Serbia progressed in domestic war crimes prosecution, with 3 indictments, 16 pending cases, and convictions of 11 members of the Kosovo Liberation Army (KLA) for crimes during the 1999 Kosovo war, mainly against Roma and Ashkali minorities. But ICTY chief prosecutor Serge Brammertz criticized Serbia for its lack of efforts to uncover networks that helped war crimes fugitives wanted by the tribunal.
There was some progress in Kosovo in accountability for war crimes, with three war crimes verdicts by European Union Rule of Law Mission (EULEX) judges in the Kosovo courts, and another twenty by local judges. An EULEX special investigation continued into postwar abductions, enforced disappearances, killing of Serbs, and organ trafficking.
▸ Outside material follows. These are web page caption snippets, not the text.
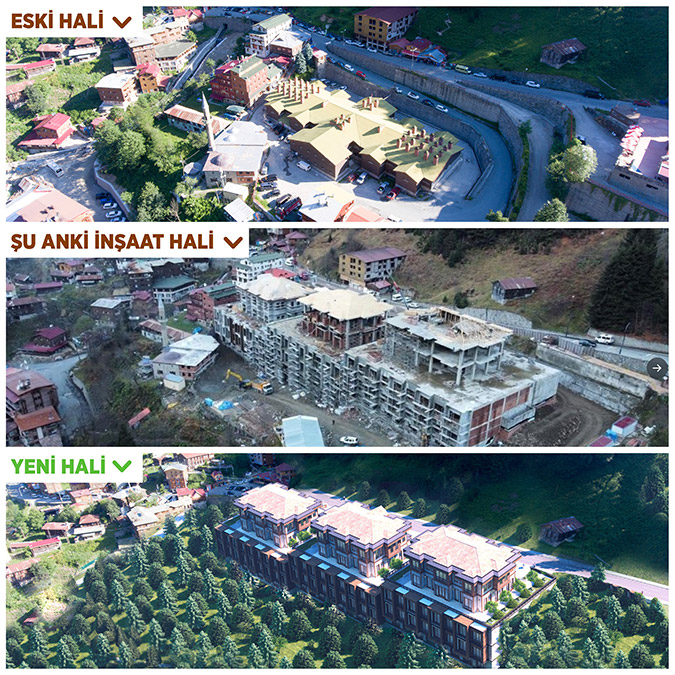 Ayder'imizin güzelliğini bozan yapıları kaldırıyoruz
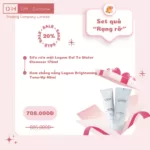 Set quà Rạng Rỡ - 20/10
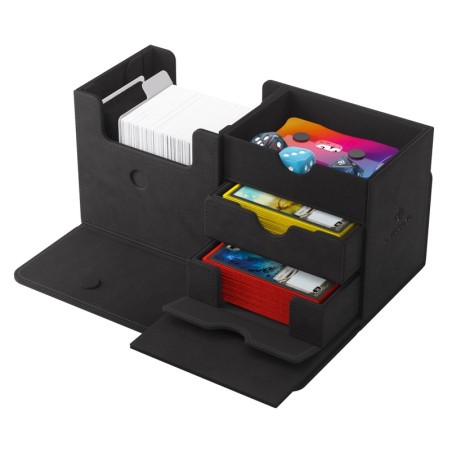 Pudełko Gamegenic: The Academic 133+ XL - Black/Black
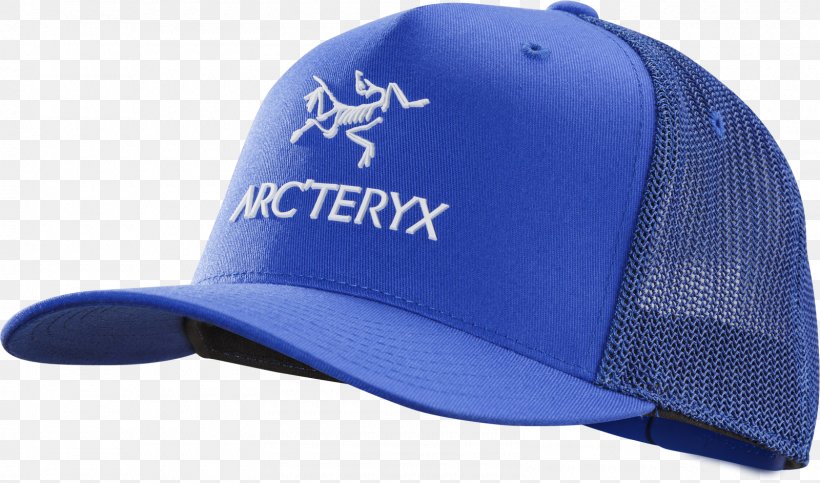 Baseball Cap Arc'teryx Hat Clothing, PNG, 1600x943px, Baseball Cap, Azure, Blue, Brand, Cap Download Free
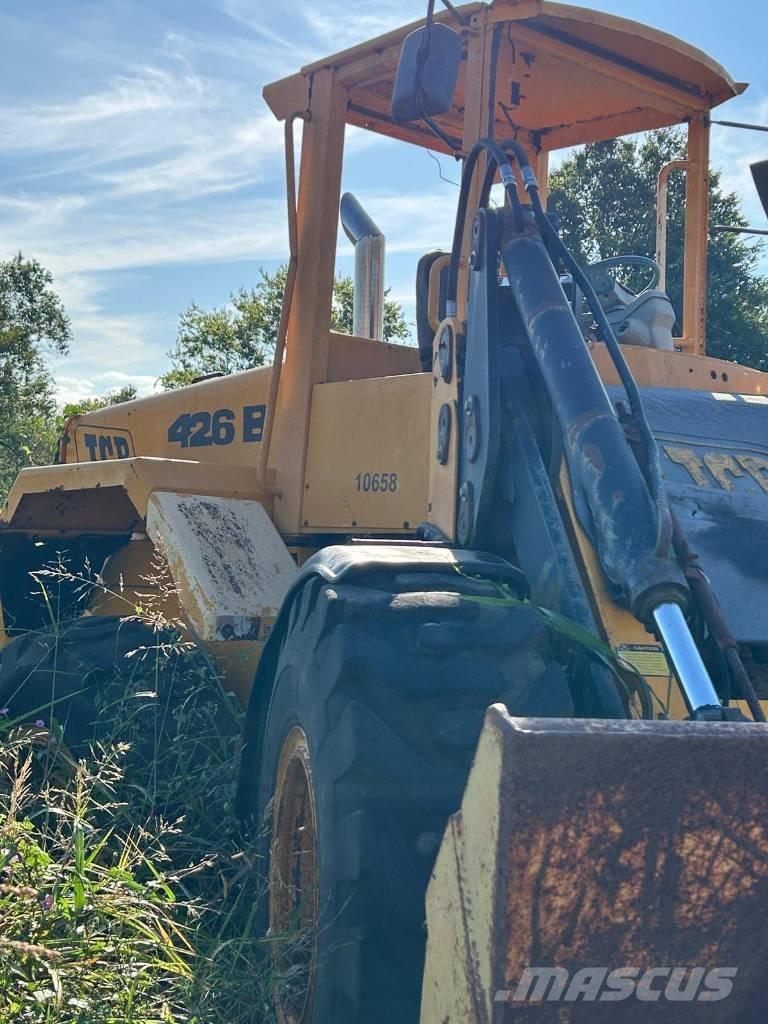 JCB 426 B Kolesové nakladače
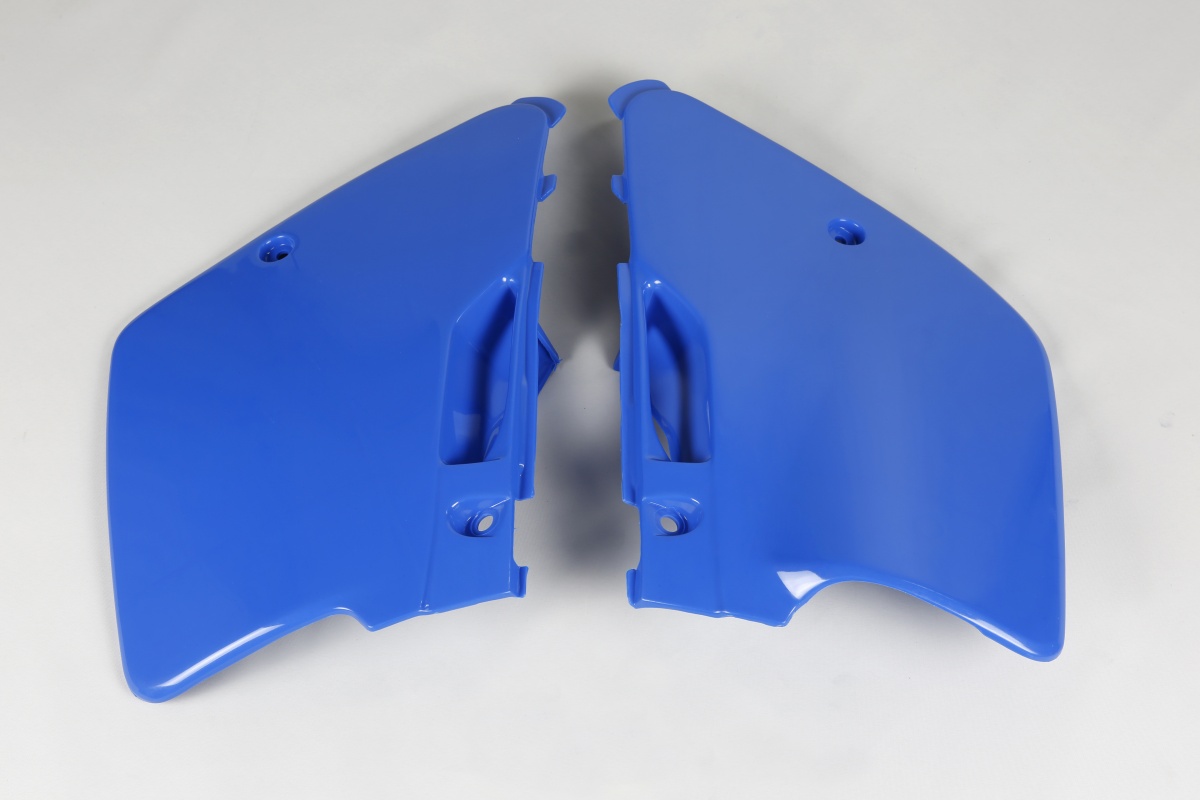 Side Panels blue for Tm 80 (1997-00) - 125 (1997-00) - 250 (1997-00) - REPLICA PLASTICS - TM03111-091 - Ufo Plast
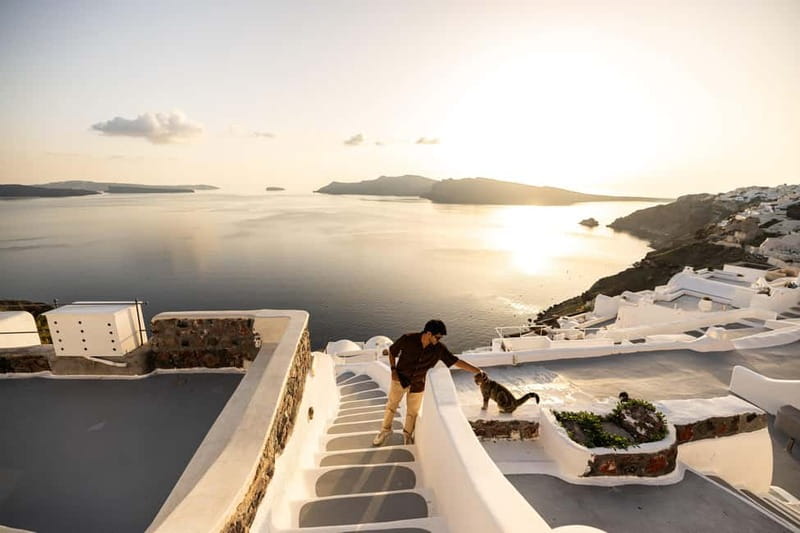 Santorini: Photo Tour With Professional Photographer - The black sand beach adds Santorini’s volcanic side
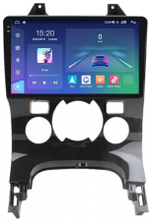 Магнитола для Peugeot 3008 2010-2017 (климат) - Parafar PF082RN2K-K на Android 13, QLED+2K, ТОП процессор, 4Гб+32Гб, CarPlay, 4G SIM-слот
The Supreme Court of Kosovo ordered the retrial of Fatmir Limaj and three other KLA members on charges of war crimes against Kosovo Serb and Kosovo Albanian civilians in 1999. Former Prime Minister Ramush Haradinaj and two co-defendants were acquitted by the ICTY in November after their partial re-trial for crimes against humanity.
“There’s a lot more work to do on accountability for wartime abuses in the Balkans, especially in the national courts,” Gall said. “Progress depends on political will from governments in the region, and continued support from the EU and US.”
Roma and other ethnic minorities faced discrimination and remained marginalized across the region during 2012. Serbian authorities evicted Roma from informal settlements without adequate assistance for those affected. In Bosnia and Herzegovina, Roma, Jews, and other ethnic minorities remain barred by the constitution from running for high political office and the authorities made little progress in addressing the issue, despite EU pressure to carry out a binding 2009 ruling by the European Court of Human Rights.
Roma, Ashkali, and Egyptian minorities in Kosovo also face discrimination and marginalization – a situation exacerbated by continued deportations from Western Europe to Kosovo and the failure by local authorities to aid Roma and other forced returnees. The EU intensified calls on Serbia to stop the influx of asylum seekers, mainly Roma, or risk visa-free travel to the EU. There were credible reports that Serbian border guards prevented Serbian citizens of perceived Romani origin from crossing the Serbian border to EU member state Hungary, in response to the EU pressure, which raised concerns about ethnic profiling.
“Forced deportations without adequate assistance not only raise serious human rights concerns regarding those affected by returns but also increases the vulnerability of minorities in Kosovo, in particular Roma, Ashkali, and Egyptian,” Gall said. “Western states should halt deportations of minorities back to Kosovo until it has demonstrated its ability to adequately support and reintegrate those already sent back.”
There was little progress toward durable solutions for internally displaced people and refugees from the wars in the Western Balkans, Human Rights Watch said. Voluntary returns of refugees to their pre-war homes remain low.
There are also concerns about the ability of countries in the region to host and fairly process asylum seekers from other countries. The United Nations refugee agency, UNHCR, indicated in September that defects in Serbia’s asylum system mean it cannot be considered a safe country of asylum, and expressed concerns about Croatia’s reception capacity, its low rate of asylum approvals, and its treatment of unaccompanied migrant children.
The harassment of independent journalists was a serious concern, Human Rights Watch said, with incidents of verbal and physical harassment of journalists recorded in Bosnia, Croatia, Serbia, and Kosovo during 2012.